▸ Source data
+--

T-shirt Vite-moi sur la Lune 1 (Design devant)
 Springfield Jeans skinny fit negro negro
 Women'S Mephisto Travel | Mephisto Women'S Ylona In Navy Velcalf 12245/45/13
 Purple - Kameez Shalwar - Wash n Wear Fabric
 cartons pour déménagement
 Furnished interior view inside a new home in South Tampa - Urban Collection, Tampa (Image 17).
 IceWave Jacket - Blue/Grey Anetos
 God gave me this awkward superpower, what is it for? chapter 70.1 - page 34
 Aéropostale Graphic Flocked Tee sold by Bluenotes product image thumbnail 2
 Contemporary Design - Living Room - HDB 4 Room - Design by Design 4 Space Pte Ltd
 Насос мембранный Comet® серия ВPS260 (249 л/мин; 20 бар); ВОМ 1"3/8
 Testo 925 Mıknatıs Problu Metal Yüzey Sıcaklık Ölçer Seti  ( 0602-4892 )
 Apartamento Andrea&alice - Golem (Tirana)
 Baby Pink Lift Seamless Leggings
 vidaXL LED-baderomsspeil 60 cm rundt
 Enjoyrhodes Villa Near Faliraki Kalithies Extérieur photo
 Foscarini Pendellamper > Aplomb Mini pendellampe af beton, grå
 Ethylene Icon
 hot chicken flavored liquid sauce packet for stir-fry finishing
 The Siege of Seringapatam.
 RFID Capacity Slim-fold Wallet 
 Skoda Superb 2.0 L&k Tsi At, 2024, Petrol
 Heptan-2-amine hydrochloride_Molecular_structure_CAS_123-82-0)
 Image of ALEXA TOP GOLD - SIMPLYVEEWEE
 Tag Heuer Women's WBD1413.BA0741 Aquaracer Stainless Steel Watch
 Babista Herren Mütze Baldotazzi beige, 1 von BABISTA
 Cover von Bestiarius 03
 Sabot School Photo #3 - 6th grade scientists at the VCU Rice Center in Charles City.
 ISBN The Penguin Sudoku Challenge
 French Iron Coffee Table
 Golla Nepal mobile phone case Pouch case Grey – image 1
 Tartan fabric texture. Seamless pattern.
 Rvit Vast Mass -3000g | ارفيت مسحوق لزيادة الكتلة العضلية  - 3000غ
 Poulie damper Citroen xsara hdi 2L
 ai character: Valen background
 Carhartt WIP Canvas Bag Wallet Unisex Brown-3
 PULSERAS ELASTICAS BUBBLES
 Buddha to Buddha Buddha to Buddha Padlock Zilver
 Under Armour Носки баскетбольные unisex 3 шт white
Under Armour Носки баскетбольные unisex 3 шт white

+--

▸ Your instructions
Only the lines from the one with "PULSERAS ELASTICAS BUBBLES" through the end of the data should be printed, each exactly as it appears.

▸ Task response
 PULSERAS ELASTICAS BUBBLES
 Buddha to Buddha Buddha to Buddha Padlock Zilver
 Under Armour Носки баскетбольные unisex 3 шт white
Under Armour Носки баскетбольные unisex 3 шт white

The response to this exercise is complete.